No pictures belong in the result; set down exactly the lines from the one containing "كورله موديل 2025" through the final line of the listing, and nothing more.
[Source data — start]
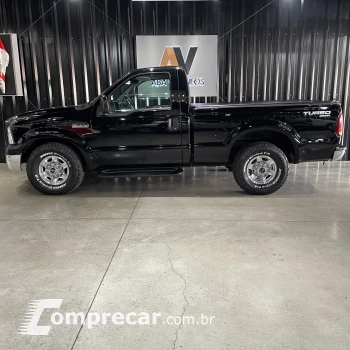 F-250 4.2 XLT 4X2 CS V6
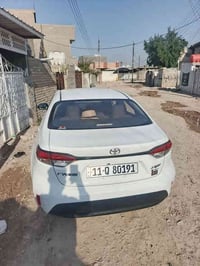 كورله موديل 2025 للبيع ماشيه 2000 بعده زيرو رايده 22مليون وبيه مجال بس...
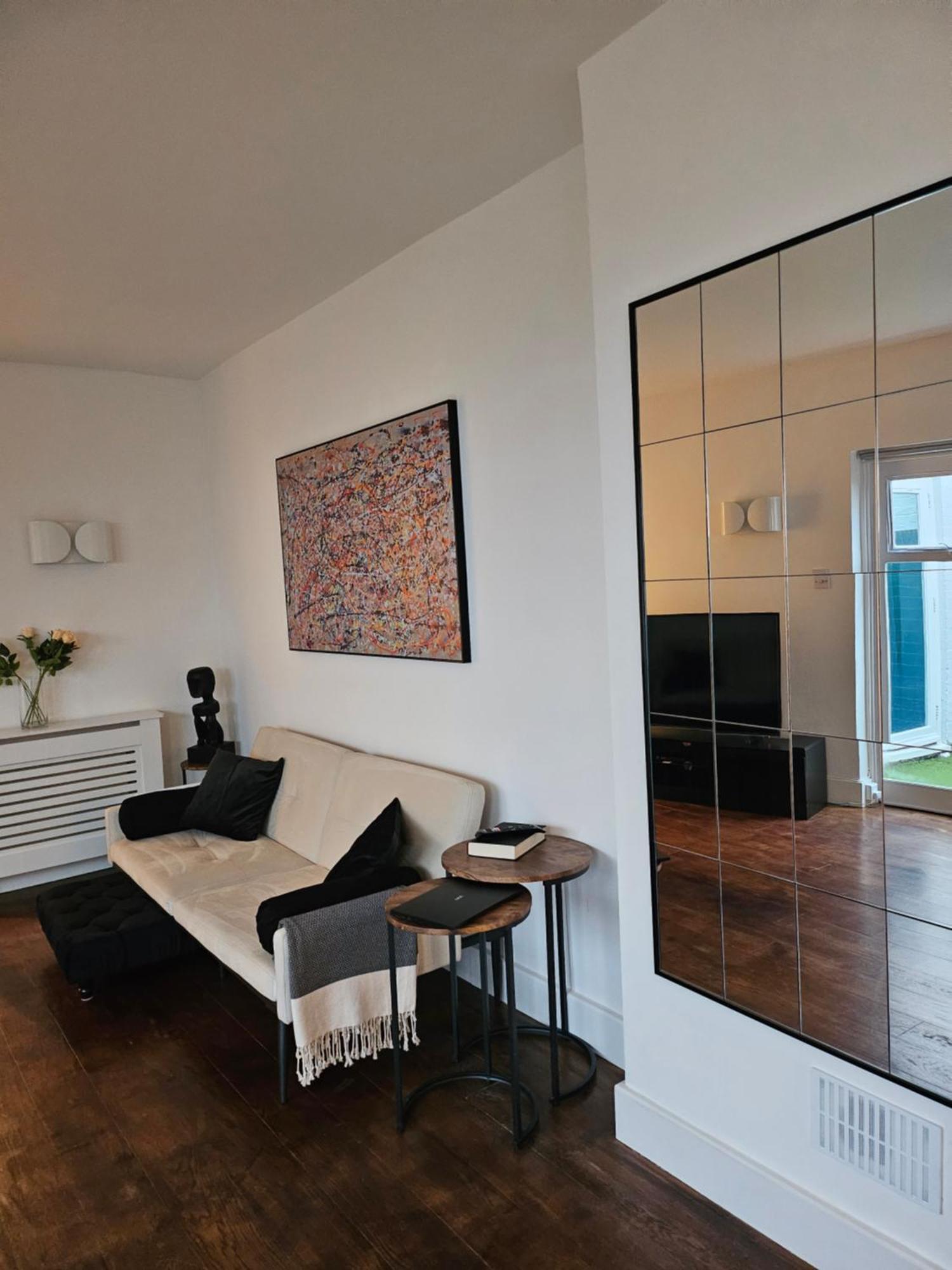 Spacious 1 Bedroom Flat With Private Garden. Ideal For Business Travelers And Couples. 2 Mins Away From Paddington Station. * Londres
[Source data — finish]
**Finished exercise**
 كورله موديل 2025 للبيع ماشيه 2000 بعده زيرو رايده 22مليون وبيه مجال بس...
 Spacious 1 Bedroom Flat With Private Garden. Ideal For Business Travelers And Couples. 2 Mins Away From Paddington Station. * Londres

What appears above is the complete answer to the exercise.